Это цена за неумелость власти, утратившей управленческий профессионализм. Это цена за демократию, которая вывела криминал на политическую арену и сделала его едва ли не стержнем и опорой власти как таковой. Это цена за рынок, который якобы все отрегулирует, а на самом деле уничтоживший чувство ответственности власти за российскую промышленность, науку, сельское хозяйство и сделавший оставшихся интеллигентов изгоями в собственной стране.

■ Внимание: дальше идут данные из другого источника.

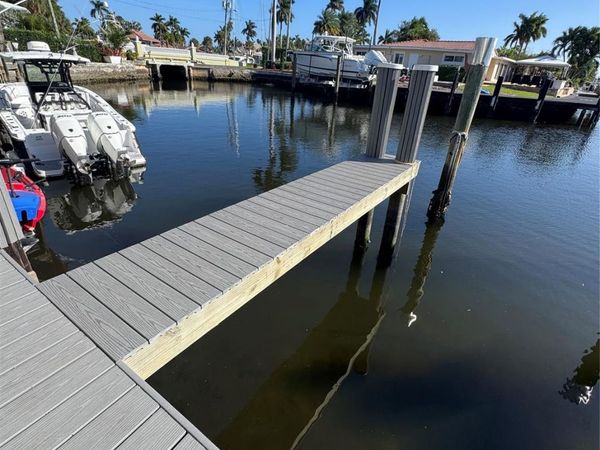 840 SE 22nd Ave #D1, Pompano Beach, FL 33062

Попробуйте в этих условиях доказать, что именно свобода приводит нас к единению и вернет утраченные силы и достоинство государства. Сущностная проблема русского человека во все времена: он ставит знак равенства между не сочетаемыми понятиями свободы и воли. Это наше историческое наследие со времен крепостного права. Потому что воля — не что иное, как свобода, не окантованная законом. И Емельян Пугачев, и Степан Разин, и Иван Болотников, другие крестьянские бунтари-разбойники — воплощение обретенной воли, управлять которой по законам толпы неминуемо будет свой «Гапон», а лучше атаман-предводитель. Неслучайно, что большевистская революция превратила их разбойников в народных героев, давая понять, что смута, войны и моря крови, которые они сотворили, пусть очень далекое, но предшествие октября 1917 года. Не восстание декабристов, восстание во имя свободы, во имя демократических норм, не свойственных монархии, а «русский бунт, бессмысленный и беспощадный» Емельяна Пугачева.
Революция не опиралась на интеллигенцию, а противостояла ей. Вы не улавливаете схожесть между 1917 и 1990 годом? Реформы не опирались на интеллигенцию, а противостояли ей. При этом люди, заправляющие реформами, выделяли себя в особую социальную структуру — менеджеры. Они не числили себя интеллигенцией, так было удобнее с ней расправляться. И мнение Егора Гайдара и его окружения об интеллигенции очень схоже с мнением Владимира Ильича Ленина: «На деле это — не мозг, а говно. К интеллигенции я большой симпатии не питаю. Наш лозунг «ликвидировать неграмотность» отнюдь не следует толковать как стремление к нарождению новой интеллигенции. «Ликвидировать безграмотность» следует лишь для того, чтобы каждый крестьянин, каждый рабочий мог самостоятельно, без чужой помощи, читать наши декреты, приказы, воззвания. Цель — вполне практическая. Только и всего».